Long wire ideal length

(1/5) > >>

Albert Scherer:
I am thinking of stringing a long wire antenna, then feeding it with 9913.  My plan is 80 and 40 meters, possibly 20, possibly 160, but mainly 80 and 40.  Is there a magical length?  Just run it as long as I can and use a tuner? or should it be mutiples of something.  I realize it wont be resonant on mutiple bans, but I do want it to work as good as it can.  I have found an 80 meter antenna does not work that well on 20, so maby it is becaue it is to long.  I have allways heard that you should be at least as long as the lowest band, so should it be 130 feet to be a quarter wave at 1.8Mhz?  What is the best length to use?

Jon M. Pollock:

Feeding a "long wire" is not necessarily simple. The feedpoint impedance varies WIDELY depending upon the frequency. Almost NEVER is it 50 ohms and a good match for coax. Secondly, there is a ton of misinformation about what is a "long wire". A 130 ft. piece of wire is a "long" piece of wire, but it is not a true "long wire" antenna. A REAL long wire antenna is typically several to many WAVE LENGTHS long and may have multiple wires. i.e. to exhibit serious gain and directivity a wire probably needs to be a minimum of about 6 half waves. This is a LONG antenna on 80 meters (800+ feet long)!! Obviously, it could be considerably shorter on, say, 20 M to acheive the required number of wave lengths.

In the real world a RANDOM WIRE antenna is more often than not called a "Long Wire" and usually these antennas need a tuning net work (i.e. a "Tuner") working against a pretty decent RF ground system to be efficient. A simple end fed wire is often (incorrectly) called a "long wire" and the impedance of this this type of antenna is RARELY 50 ohms.

I strongly suggest you pick up a copy of the ARRL Antenna Book and study the chapter on Long Wire antennas. They are a specialize type and there are several ways to feed them depending on the antenna configuration and band or bands you want to cover.

Respectfully, at this point probably the best single investment you could make in your station is to pick up a copy of the ARRL Antenna Book or other good reference and put in a little book time. Antennas are not complex, but they require some specific parameters to be met in order to accept RF power and radiate it efficiently. Matching a Random Wire or true Long Wire is much to complex for a quick paragraph on this website. You can often find a cheap older copy on Ebay and the info in there is just as good as a new book when it comes to antenna basic theory.

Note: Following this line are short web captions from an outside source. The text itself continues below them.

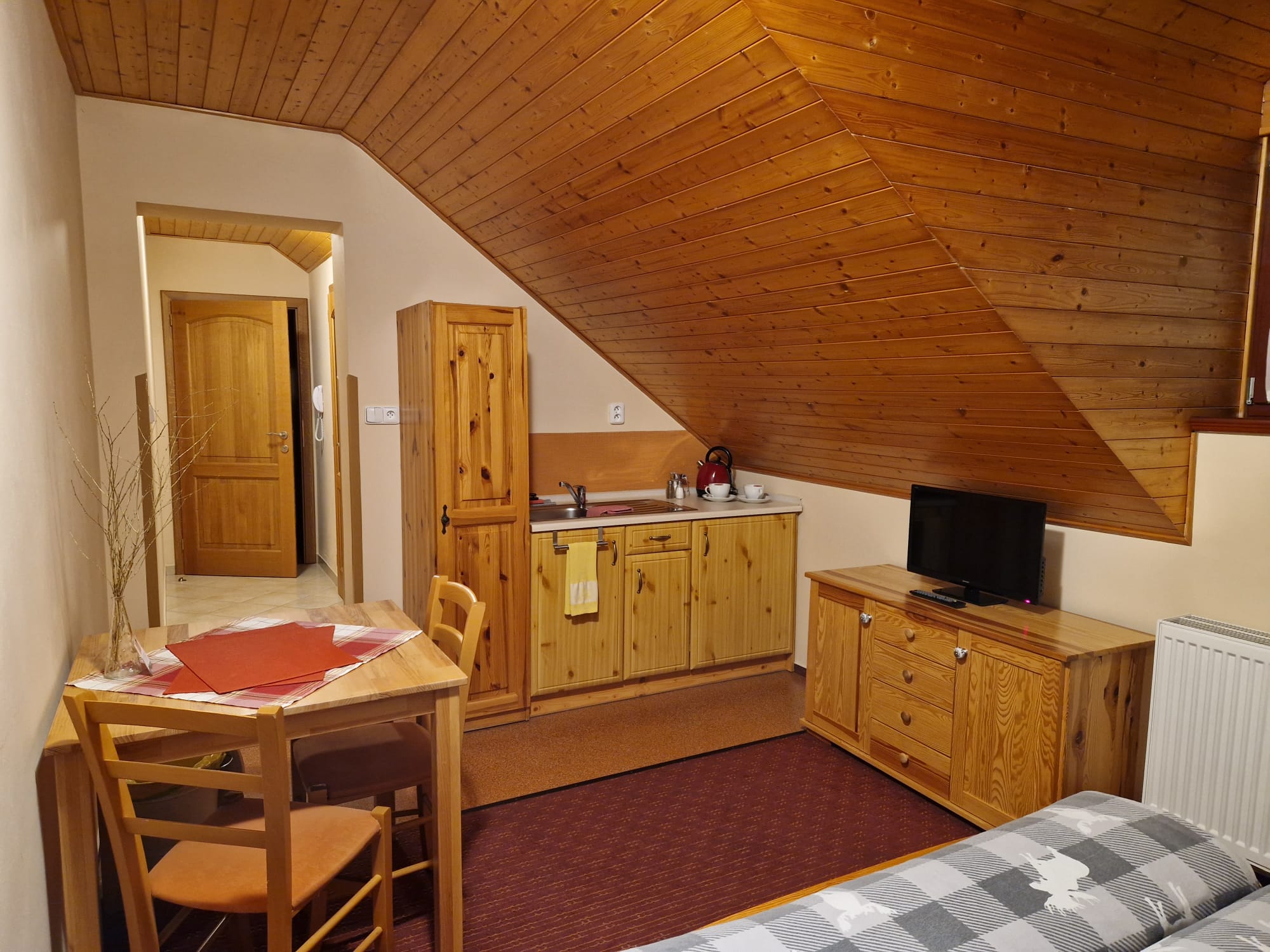 Penzion Zrzka foto 5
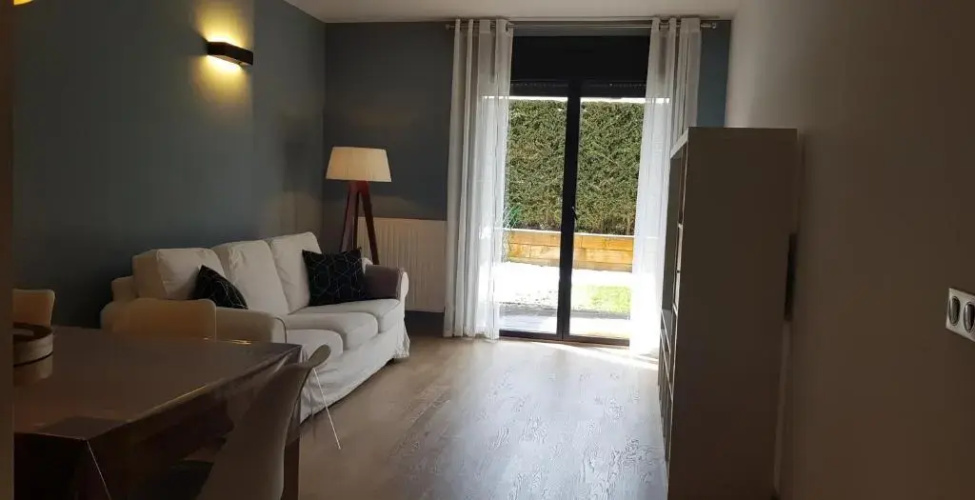 Maison Franch
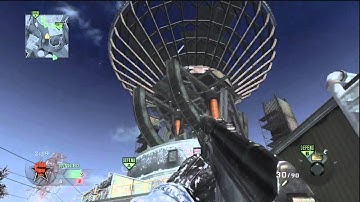 Tomahawk Of The Week Episode 1 : across map array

Good luck on your project.  73,  K0ZN

tom lish II:
go for a nice fan dipole,

Mike Brenza:
For it to be a "Long wire" antenna, it must be over 1 wavelength long... otherwise, it is considered a "random wire" antenna.
Length is not critical, the longer, the better.  But getting it as HIGH as practical is the most important trait.  On 160, 80, and even 40 meters, this can be the challenge!  1/2 wavelength high on 40 meters equates to about 66 feet.  Not many hams have that luxury!  They are great for fade-free reception!


Bob Lewis:
Let me expand a little on what K0ZN said. To work well the end of a random wire antenna must be connected directly to the tuner terminals. Using coax between the end of the wire and the tuner will result in some very high loss on most frequencies.

In addition, the tuner chassis must be connected to a good RF ground like a radial system, just like a vertical antenna. Failure to do this will result in RF inside the shack on the radio chassis, microphone, etc. It will result in inefficiency and can cause RFI problems into other household equipment like TV sets, phones, etc.

The bottom line is that a multi-band end-fed antenna is often not as easy to implement as it would first seem although it can work well if done properly.